Gridlock is more than just an irritant. The epidemic of slow-motion sickness is costing the U.S. billions of dollars in lost productivity and wasted fuel. It is polluting the atmosphere with hydrocarbons, spoiling some Americans' taste for travel and influencing where families choose to live and work. Says T. Allan McArtor, chief of the Federal Aviation Administration: "Gridlock is not an alarmist theory. It will happen unless we take immediate action."
The reason for the congestion is the rapid growth in airplane and auto traffic, which is partly the result of deregulated airfares and six straight years of economic expansion. Airline passenger travel has nearly doubled in the past decade, from 240 million trips in 1977 to 447 million last year. U.S. motor vehicle travel reached 1.9 trillion miles last year, an increase of 27% from 1977. Americans operate 181 million cars, trucks and buses, also up 27% from a decade ago.
But during this time, the U.S. has failed to expand its system of roadways and runways. No completely new major airport has been built since 1974, when Dallas-Fort Worth was completed, despite the rapid expansion of U.S. air traffic. "We simply have too much aluminum and not enough concrete," says the FAA's McArtor. Of the 3.88 million miles of roads in the U.S., 92% was built before 1960.

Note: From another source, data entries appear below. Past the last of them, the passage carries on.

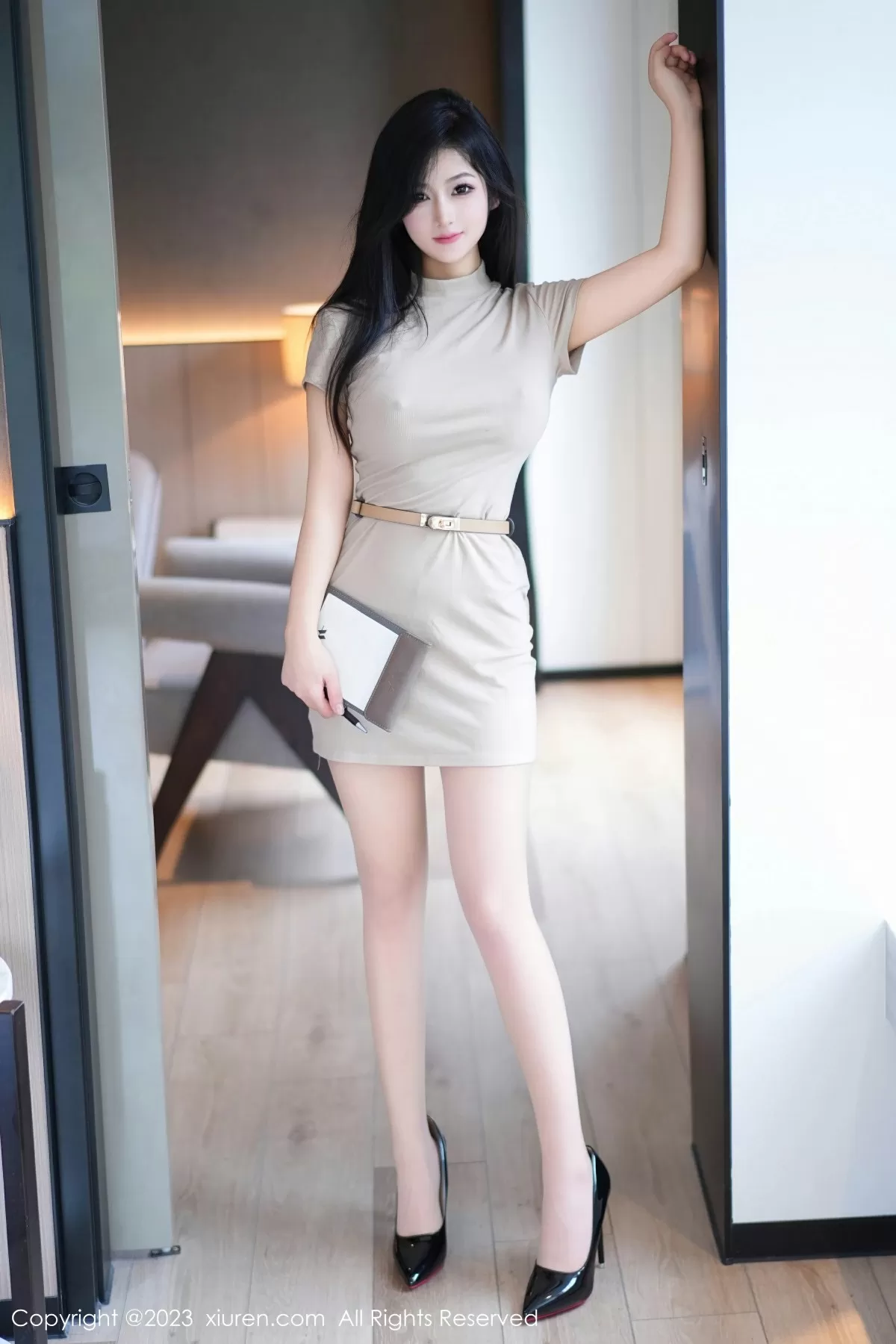 图片[4]-XiuRen 秀人 No.7572 谭小灵 [81P]-COS写真在线网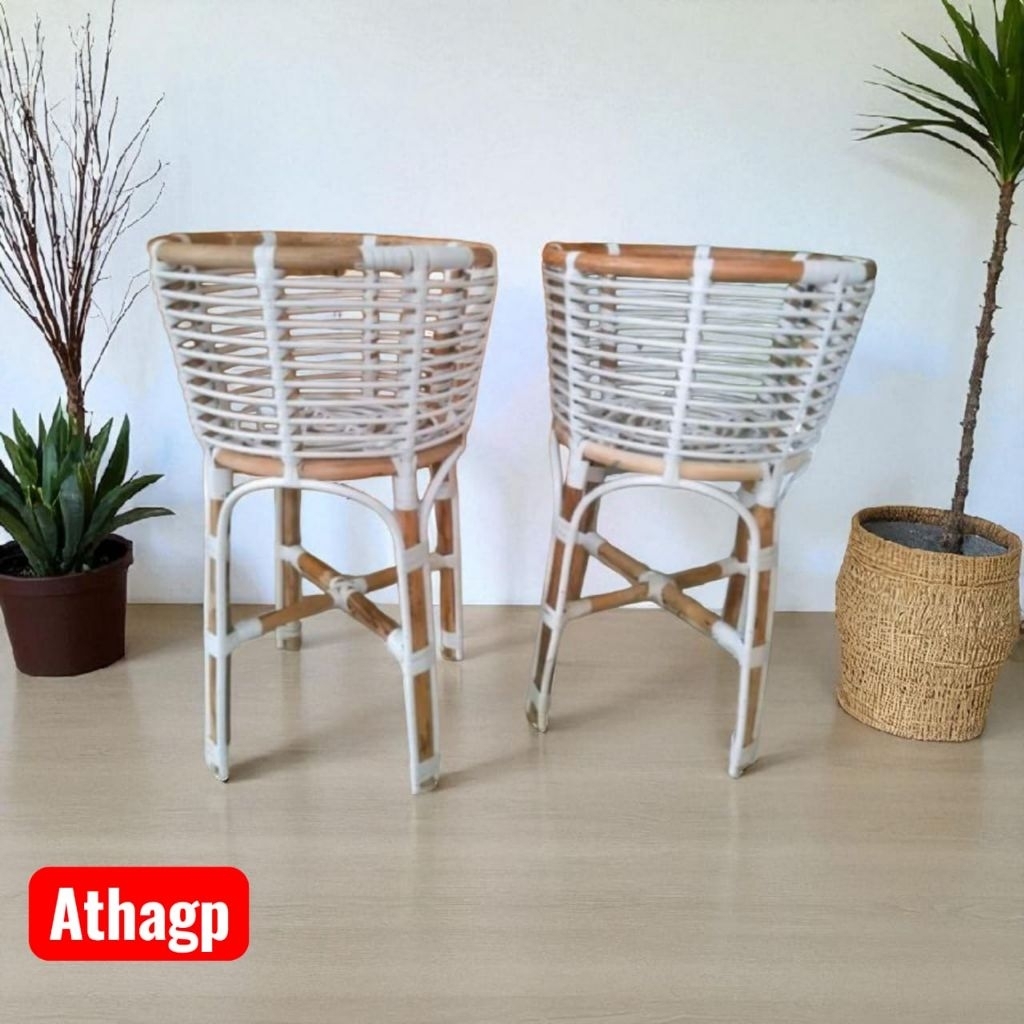 Standing pot rotan sintetis // standing pot rotan dudukan pot bunga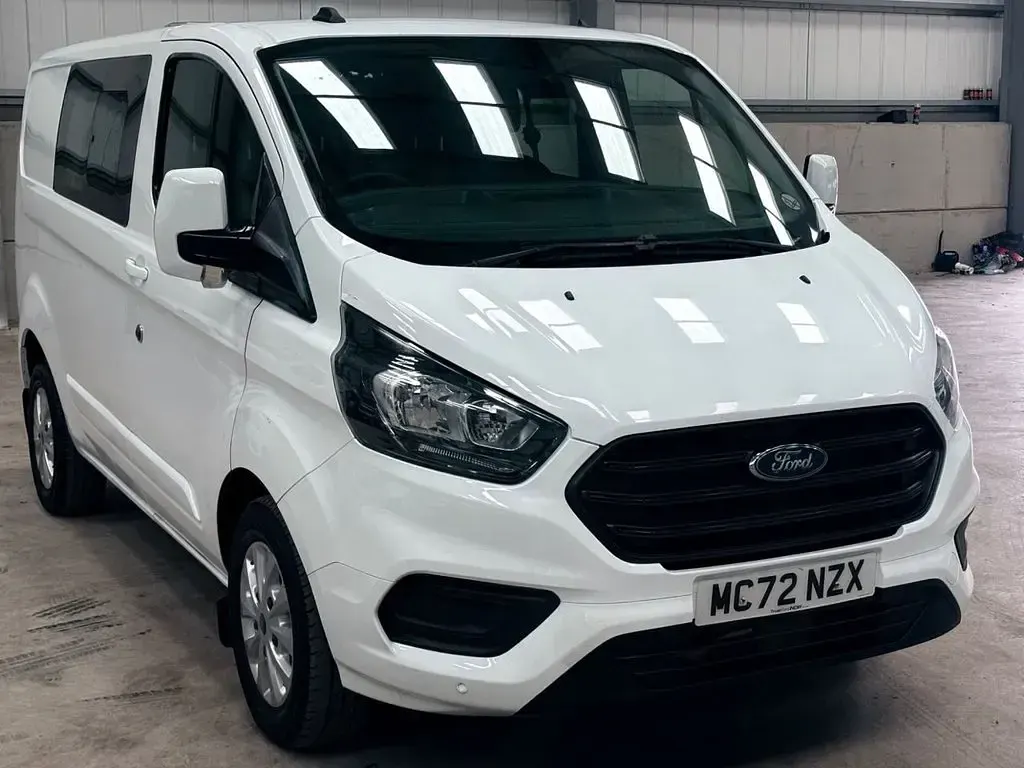 Used Ford Transit Custom 105 HP (77 kW) 2023 White Van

Not only are there too few highways and airports, but also many existing ones desperately need upgrading. "America is falling apart, literally," declared Arkansas Governor Bill Clinton in an essay in the New York Times. He pointed out that declining U.S. spending on public works, from 19.1% of total government expenditures in 1950 to 6.8% by 1984, "is as serious a national problem as the budget and trade deficits."
The worsening congestion raises troubling issues for the 1990s. Should more highways be constructed, or will that only invite more auto traffic and suburban sprawl? How can people be encouraged to leave their cars at home and ride mass transit? Where can new urban airports be sited so that their noise and spread will be tolerated by neighbors? The situation has created an urgent need for innovative solutions, and some are already on the horizon: double- decker freeways, airplanes that can take off vertically from landing pads, and 300-m.p.h. trains that ride on magnetic fields.
Since traffic jams are almost synonymous with urban growth, they have been building for a long time. (The term gridlock apparently came into common use in New York City during a transit workers' strike in 1980, when a surge of commuter autos paralyzed Manhattan's street grid.) Congestion on two-lane highways in the 1950s hastened construction of the 42,797-mile interstate system, which will be officially completed in 1991 (estimated final cost: $108 billion). But the interstates eased overcrowding only temporarily. Says Transportation Secretary James Burnley: "It's not a problem that will be resolved in a final, permanent way in my lifetime."
Gridlock is spreading to suburbs, exurbs and medium-size cities that seldom experienced it before. Highway bottlenecks are occurring on once lonely stretches like I-70 about 60 miles west of Denver, where throngs of cars bearing ski racks turn the interstate into a virtual parking lot each winter. North Kendall Drive, a suburban Miami thoroughfare described as a "road to nowhere" when it was built some 20 years ago, is now almost as choked as Manhattan streets. The number of airports considered by the FAA to be severely congested, meaning they suffer from annual flight delays of 20,000 hours or more, is expected to increase from 18 in 1986 to 32 by 1996 if no action is taken.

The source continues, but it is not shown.